It’s easy to stand

…when everyone else is standing.

But I’ll get into that momentarily.  For now – I just finished another excellent book by Milan Kundera, The Book of Laughter and Forgetting.  Calling it a book seems crude somehow, for in these pages Kundera no less than invites you to dive into the fundamental workings of society at large and humanity in the specific.

Aphorisms glide from character to paragraph, and beyond recognition there is an understanding that articulates itself so fluidly you hardly notice since you agree so enthusiastically.

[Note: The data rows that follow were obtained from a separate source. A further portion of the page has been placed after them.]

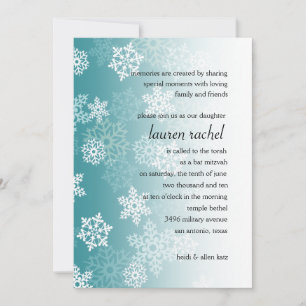 Invitation Bat mitzvah Turquoise Flacons de neige blanche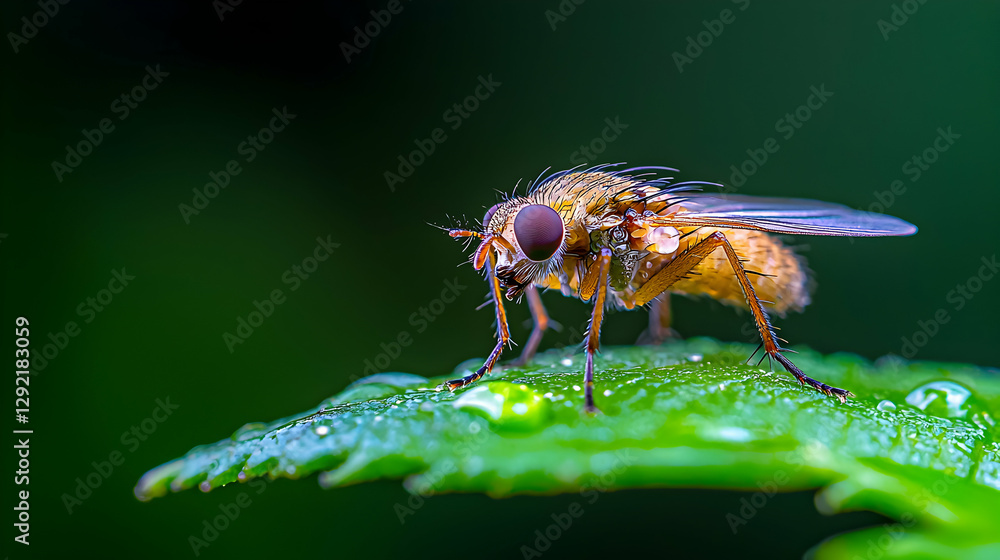 Detailed Close-up of a Small Yellow Fly on a Dew-Covered Green Leaf Detailed Close-up of a Small Yellow Fly on a Dew-Covered Green Leaf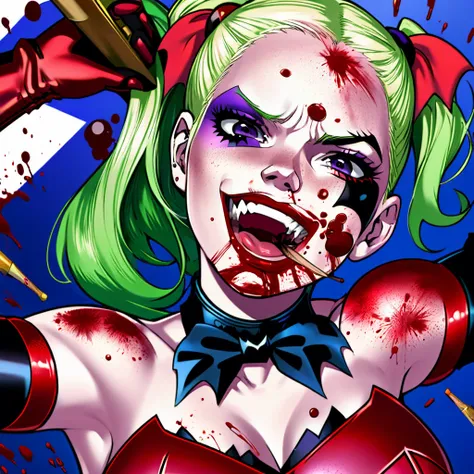 Batman foe Harley Quinn has just finished beating someone to death with a ball bat, blood spatter on her face, set in a bank, close up on her face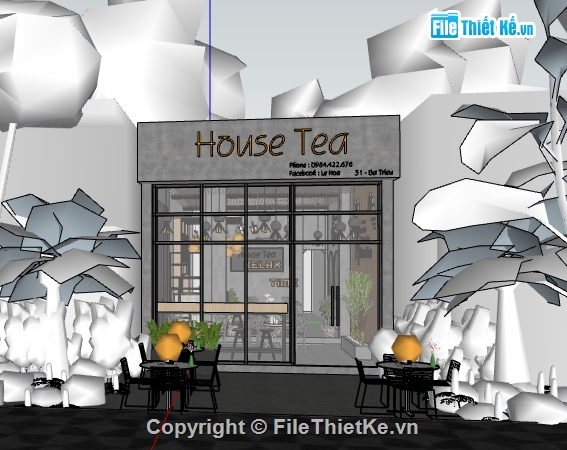 File sketchup Trà sữa,model quán trà sữa,trà sữa sketchup,Su quán trà sữa,Mẫu quán cà phê sketchup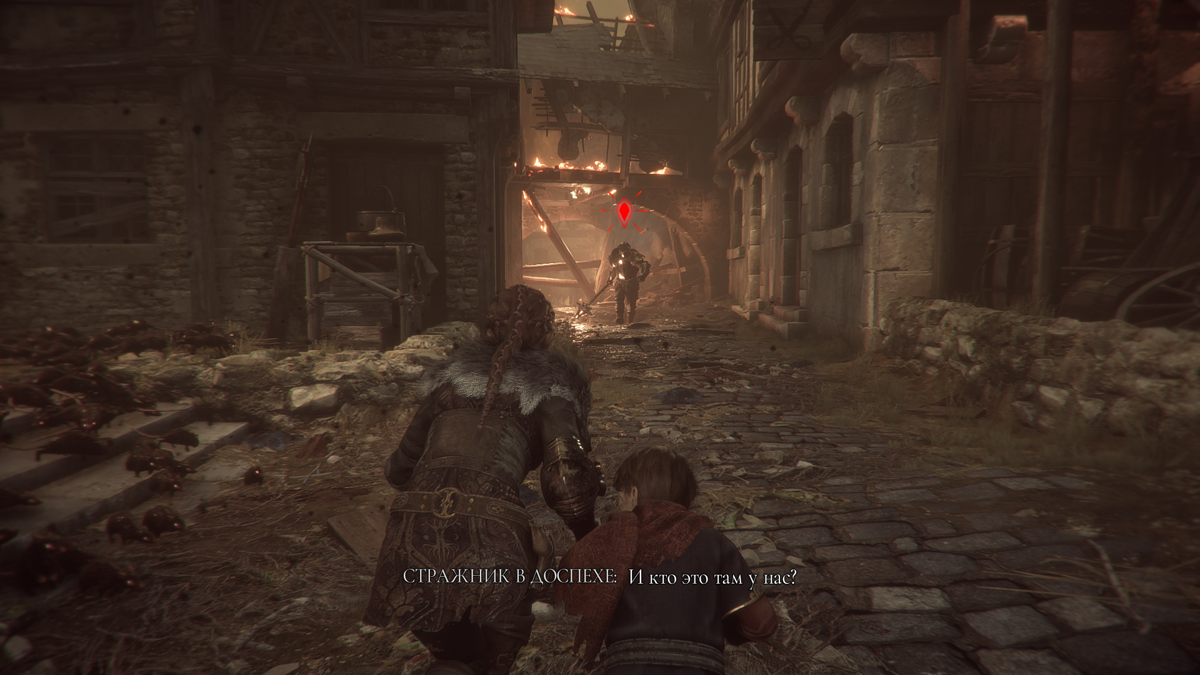 A Plague Tale: Innocence (Windows) screenshot: The red sign above the guard's head means he sees the protagonists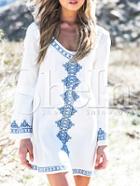 Shein White Scoop Neck Long Sleeve Print Dress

Kundera is one of about three or four authors that makes me feel less lonely. Once I told my cousin this, and he seemed alarmed. “You’re lonely?” he asked, surprised.  Perhaps it’s the wrong word. I’m not lonely in the sense of feeling isolated or without social groups. This loneliness is one of ideas and calculations: sharing a way of evaluating life that makes me feel less alone in the world. Like when you’re arguing a point to someone who does not get it, then a third person says, “I agree with what she’s saying…” and goes on to explain why you’re not insane.

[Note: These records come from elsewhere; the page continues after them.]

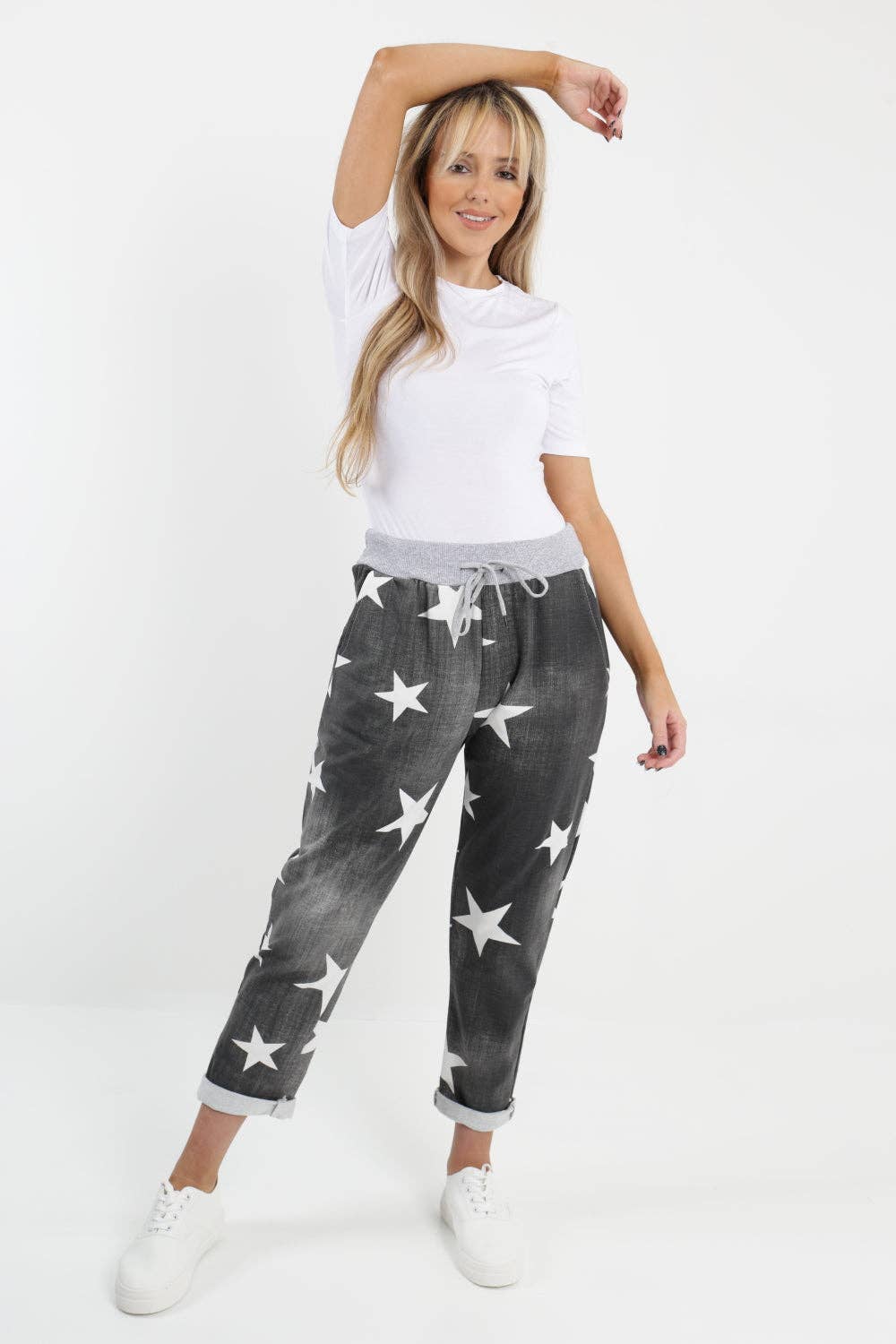 Miss Bold – wholesale Byxor - Dam – Italienska stjärntryckta fickor Bomullsbyxa för damer4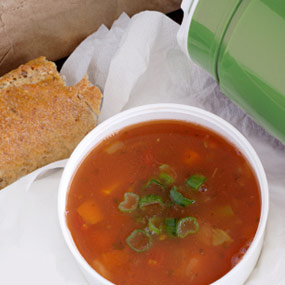 Soup served in a thermos top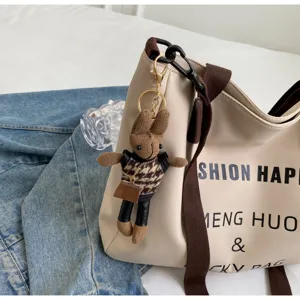 Leinwand-Tasche mit süßem Strick-Hasen-Schlüsselanhänger, große lässige Handtasche.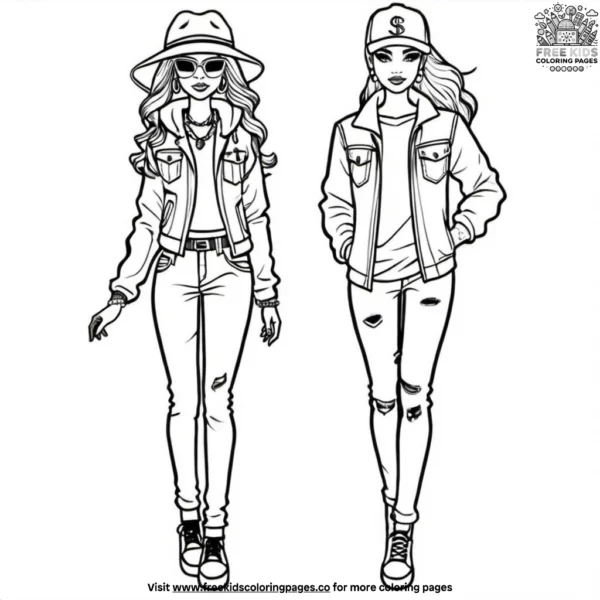 Chic urban outfits coloring pages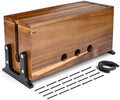 Extra Large Acacia Wood Cable Management Box, Pet Child Safe Cord Hider by Unknown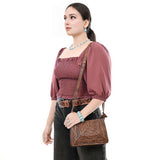 ADBG1609 Horizontal Tooled Leather Crossbody Bag with Geometric Floral Pattern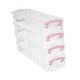 thumbnail image 1 of Caja de almacenamiento transparente multiusos, organizador de plástico, contenedor grande apilable. Rosa, 1 of 9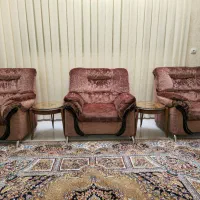 مبل ۱۰ نفره و با یک میز گرد بزرگ و ۲ عدد میز گرد|مبلمان خانگی و میز عسلی|اردبیل, |دیوار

So it was with great anticipation that I put in a order to my local library for Milan Kundera’s The Book of Laughter and Forgetting. (They bought it for the library: how cool is that?)

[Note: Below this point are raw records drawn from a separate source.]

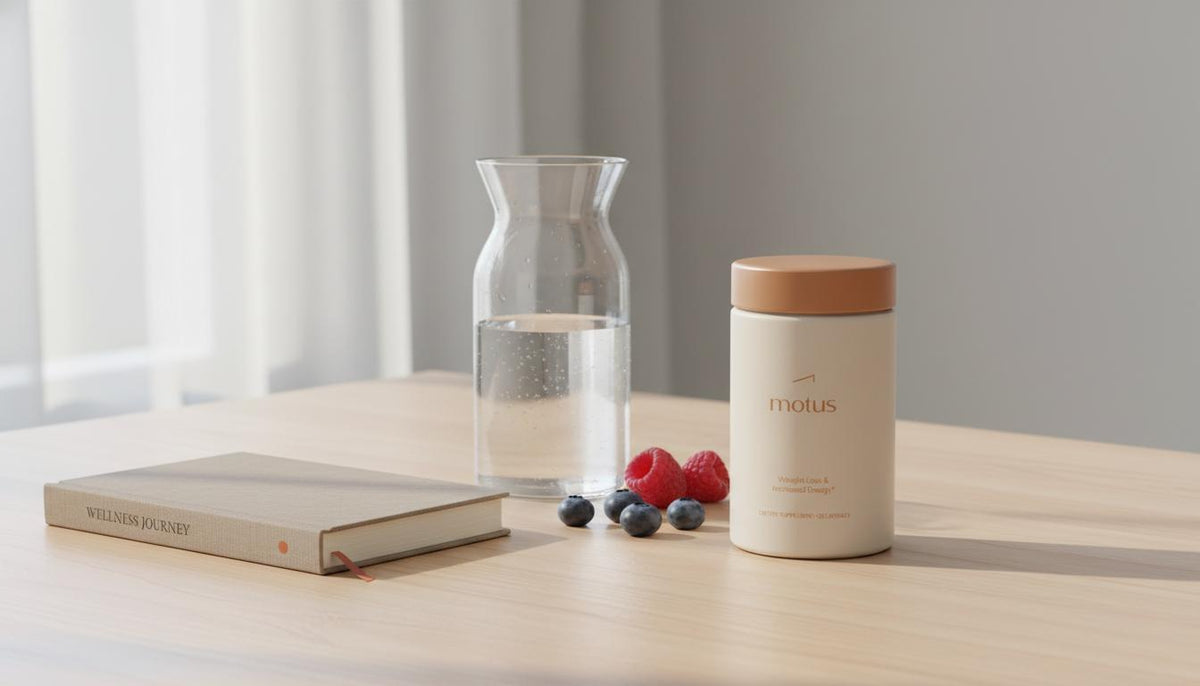 Minimalist photorealistic still life of a Tonum Motus supplement container on a wooden table with berries, a glass carafe and a journal, promoting ashwagandha weight loss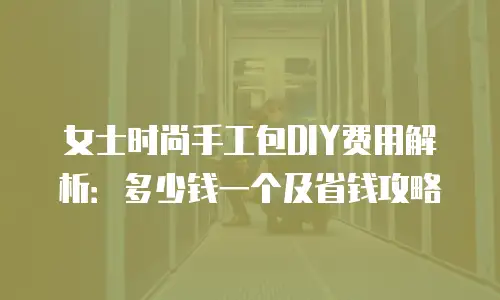 女士时尚手工包DIY费用解析：多少钱一个及省钱攻略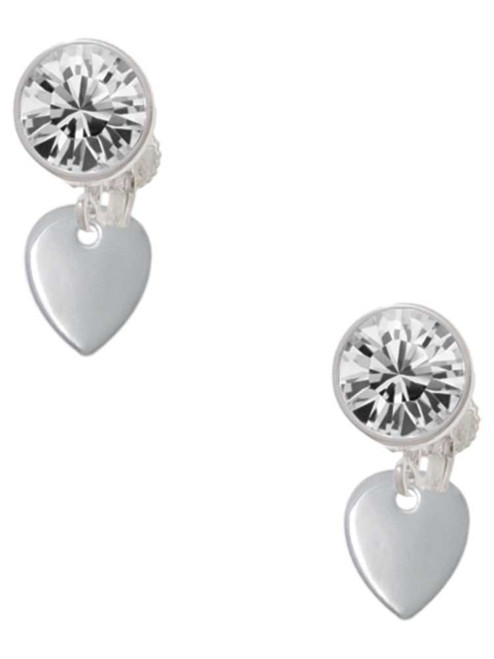 Silver Plated Mini Guitar Pick - Crystal Clip on Earrings: Color Choice - Red, Green, Blue, Purple, Pink, Clear, Black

MIlan Kundera, The Book of Laughter and Forgetting
Kundera approves this English translation as having emerged from “a miraculous bath” and said “at last I have recognized my book.”

 

Topless at the beach

As an activist for an unpopular or misunderstood cause, I get tired. I recently realized that it can take a special kind of strength to stand up for this type of cause.  For instance, it’s easier to stand up for “women’s rights” or “equality” among humans because this has long been accepted as something worthy of consideration – even though not even close to 100% embraced.  Also, as a woman, it’s to be expected that I’d be for my own rights. (I know, that’s not always the case.) Easy to extend that to other humans, too.

“Animal rights,” however, is not something that most in a crowd would cheer. (Unless it’s protection of dogs and cats, who are our domestic family and therefore “closer.”) Though at its heart, being for “animal rights” means something quite kind — animals, since they have a capacity to feel and suffer, should, as with humans, not be subjected to confinement and slaughter: neither your cat, your dog, or a pig; simple, at its core — yet instead animal rights is often connected with people one does not like or an “agenda” against farms, jobs, or even you.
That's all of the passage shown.